Input data>

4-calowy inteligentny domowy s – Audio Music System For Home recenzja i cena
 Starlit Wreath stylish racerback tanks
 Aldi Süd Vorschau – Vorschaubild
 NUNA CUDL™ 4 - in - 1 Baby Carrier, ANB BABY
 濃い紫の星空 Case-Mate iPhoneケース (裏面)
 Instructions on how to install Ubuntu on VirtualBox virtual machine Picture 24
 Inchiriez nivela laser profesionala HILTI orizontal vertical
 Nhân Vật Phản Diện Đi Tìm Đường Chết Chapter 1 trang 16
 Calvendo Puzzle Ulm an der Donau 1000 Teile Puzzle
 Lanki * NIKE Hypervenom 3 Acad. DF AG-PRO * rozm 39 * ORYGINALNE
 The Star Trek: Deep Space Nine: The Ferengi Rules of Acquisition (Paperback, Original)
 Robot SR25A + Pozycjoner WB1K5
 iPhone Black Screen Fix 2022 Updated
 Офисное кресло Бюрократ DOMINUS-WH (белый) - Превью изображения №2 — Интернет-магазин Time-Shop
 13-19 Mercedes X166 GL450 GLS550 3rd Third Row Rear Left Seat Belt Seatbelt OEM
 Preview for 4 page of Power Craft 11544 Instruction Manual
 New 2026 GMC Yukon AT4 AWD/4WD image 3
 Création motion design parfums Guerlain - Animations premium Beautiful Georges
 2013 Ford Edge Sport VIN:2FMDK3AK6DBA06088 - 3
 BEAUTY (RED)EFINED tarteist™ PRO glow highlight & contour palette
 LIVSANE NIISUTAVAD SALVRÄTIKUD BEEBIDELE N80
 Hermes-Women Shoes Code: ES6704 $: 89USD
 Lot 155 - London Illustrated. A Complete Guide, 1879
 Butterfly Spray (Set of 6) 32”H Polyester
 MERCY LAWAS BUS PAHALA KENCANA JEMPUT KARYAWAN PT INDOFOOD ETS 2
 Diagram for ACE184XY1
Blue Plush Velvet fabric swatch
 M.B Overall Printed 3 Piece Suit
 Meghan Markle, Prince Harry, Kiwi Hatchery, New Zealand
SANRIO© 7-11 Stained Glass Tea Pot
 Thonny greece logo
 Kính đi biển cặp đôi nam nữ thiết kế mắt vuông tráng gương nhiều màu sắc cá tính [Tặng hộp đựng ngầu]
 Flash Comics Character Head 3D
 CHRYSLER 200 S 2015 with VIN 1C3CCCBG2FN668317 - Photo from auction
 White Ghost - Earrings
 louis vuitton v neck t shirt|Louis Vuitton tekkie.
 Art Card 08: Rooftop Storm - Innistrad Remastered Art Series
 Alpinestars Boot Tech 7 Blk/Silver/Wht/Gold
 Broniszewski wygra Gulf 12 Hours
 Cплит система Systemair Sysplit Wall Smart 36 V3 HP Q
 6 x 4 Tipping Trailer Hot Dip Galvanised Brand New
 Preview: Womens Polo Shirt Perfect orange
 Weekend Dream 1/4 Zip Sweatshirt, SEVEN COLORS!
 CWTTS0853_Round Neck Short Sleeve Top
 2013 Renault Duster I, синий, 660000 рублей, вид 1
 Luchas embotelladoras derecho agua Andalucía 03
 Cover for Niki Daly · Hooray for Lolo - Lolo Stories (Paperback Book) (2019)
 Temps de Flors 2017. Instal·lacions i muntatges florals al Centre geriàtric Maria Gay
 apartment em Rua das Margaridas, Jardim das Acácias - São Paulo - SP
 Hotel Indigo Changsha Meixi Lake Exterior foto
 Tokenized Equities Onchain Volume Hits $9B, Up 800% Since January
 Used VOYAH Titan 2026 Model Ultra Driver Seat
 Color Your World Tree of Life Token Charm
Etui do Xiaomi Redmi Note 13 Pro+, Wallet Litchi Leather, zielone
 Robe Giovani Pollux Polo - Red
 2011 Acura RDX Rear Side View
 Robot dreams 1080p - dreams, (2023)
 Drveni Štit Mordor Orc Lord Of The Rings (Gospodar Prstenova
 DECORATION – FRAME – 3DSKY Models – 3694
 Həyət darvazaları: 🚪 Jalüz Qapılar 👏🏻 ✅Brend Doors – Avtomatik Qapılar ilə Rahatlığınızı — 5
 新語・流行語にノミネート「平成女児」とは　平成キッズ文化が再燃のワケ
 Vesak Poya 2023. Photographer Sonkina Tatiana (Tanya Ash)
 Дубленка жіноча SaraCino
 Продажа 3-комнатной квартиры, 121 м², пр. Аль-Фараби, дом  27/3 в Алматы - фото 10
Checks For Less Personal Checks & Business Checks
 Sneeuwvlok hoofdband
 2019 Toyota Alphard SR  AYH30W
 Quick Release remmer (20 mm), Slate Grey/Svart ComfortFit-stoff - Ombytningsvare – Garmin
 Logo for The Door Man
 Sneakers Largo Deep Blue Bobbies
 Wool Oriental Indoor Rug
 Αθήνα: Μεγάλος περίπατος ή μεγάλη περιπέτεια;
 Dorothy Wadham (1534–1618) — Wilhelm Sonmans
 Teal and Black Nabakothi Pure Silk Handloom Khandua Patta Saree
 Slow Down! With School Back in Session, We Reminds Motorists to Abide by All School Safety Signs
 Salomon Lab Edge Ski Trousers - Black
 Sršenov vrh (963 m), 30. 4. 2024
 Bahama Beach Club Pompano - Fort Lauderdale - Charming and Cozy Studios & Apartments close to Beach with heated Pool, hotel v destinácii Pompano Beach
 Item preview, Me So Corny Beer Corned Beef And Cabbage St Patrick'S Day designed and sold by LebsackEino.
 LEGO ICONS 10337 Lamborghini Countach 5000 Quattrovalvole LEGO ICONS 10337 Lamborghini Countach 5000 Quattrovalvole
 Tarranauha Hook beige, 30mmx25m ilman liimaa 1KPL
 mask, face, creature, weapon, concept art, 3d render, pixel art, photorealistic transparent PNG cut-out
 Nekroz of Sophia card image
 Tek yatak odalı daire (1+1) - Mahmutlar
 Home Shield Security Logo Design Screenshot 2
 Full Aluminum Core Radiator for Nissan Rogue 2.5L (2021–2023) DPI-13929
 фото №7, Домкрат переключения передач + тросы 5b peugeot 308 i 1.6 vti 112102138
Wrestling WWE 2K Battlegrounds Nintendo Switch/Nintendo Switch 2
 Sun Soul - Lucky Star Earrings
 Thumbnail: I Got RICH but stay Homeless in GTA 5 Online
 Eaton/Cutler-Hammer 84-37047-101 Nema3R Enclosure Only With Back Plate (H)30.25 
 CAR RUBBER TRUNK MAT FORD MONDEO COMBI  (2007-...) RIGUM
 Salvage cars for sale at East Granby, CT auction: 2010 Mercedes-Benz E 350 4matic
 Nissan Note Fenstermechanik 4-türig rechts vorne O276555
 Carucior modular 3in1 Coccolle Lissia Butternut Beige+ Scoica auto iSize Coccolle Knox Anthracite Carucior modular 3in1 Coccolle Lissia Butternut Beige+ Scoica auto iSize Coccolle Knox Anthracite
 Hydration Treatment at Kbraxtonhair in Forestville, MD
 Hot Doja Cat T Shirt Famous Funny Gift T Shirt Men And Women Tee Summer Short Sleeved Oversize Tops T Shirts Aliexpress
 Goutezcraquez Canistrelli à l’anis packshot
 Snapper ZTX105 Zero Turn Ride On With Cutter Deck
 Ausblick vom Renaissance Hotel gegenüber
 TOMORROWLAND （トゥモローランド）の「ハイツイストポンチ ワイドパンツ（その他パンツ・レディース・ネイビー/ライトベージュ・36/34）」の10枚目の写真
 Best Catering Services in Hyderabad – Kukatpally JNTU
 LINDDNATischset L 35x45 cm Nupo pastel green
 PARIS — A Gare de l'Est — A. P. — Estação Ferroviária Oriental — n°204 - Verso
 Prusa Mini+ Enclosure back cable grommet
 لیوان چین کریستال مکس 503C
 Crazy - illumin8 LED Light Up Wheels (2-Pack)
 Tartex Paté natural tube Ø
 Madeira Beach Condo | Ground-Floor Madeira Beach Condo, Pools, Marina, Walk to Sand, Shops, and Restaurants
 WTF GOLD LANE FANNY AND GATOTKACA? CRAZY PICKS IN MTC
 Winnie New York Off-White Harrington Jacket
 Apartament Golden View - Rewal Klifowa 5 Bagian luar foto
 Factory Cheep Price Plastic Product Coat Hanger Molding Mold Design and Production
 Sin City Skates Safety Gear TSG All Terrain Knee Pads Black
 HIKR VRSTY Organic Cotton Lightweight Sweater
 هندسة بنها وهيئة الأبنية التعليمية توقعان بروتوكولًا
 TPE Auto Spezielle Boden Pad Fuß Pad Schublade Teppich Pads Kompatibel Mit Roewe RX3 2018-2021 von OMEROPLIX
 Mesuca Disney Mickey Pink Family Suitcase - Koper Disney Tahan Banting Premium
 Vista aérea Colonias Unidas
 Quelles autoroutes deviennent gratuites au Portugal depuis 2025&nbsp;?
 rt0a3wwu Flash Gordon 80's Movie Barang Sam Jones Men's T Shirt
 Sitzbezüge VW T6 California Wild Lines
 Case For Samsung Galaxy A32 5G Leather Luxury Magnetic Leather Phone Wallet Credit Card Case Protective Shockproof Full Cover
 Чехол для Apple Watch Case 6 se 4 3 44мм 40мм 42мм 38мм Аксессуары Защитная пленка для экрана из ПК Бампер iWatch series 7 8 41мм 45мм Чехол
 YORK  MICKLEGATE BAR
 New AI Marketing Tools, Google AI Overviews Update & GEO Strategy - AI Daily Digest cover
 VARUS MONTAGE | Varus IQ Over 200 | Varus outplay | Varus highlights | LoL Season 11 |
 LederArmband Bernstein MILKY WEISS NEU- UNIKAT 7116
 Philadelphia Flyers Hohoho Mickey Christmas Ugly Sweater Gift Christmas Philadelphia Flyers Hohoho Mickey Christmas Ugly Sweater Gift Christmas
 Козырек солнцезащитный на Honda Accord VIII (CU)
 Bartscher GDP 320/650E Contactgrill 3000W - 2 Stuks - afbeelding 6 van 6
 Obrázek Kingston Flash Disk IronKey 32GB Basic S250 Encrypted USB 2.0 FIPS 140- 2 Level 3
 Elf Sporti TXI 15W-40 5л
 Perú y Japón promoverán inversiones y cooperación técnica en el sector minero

What the task asks> For every line of the material that holds the word "Paperback", make a copy.

Your response>
 The Star Trek: Deep Space Nine: The Ferengi Rules of Acquisition (Paperback, Original)
 Cover for Niki Daly · Hooray for Lolo - Lolo Stories (Paperback Book) (2019)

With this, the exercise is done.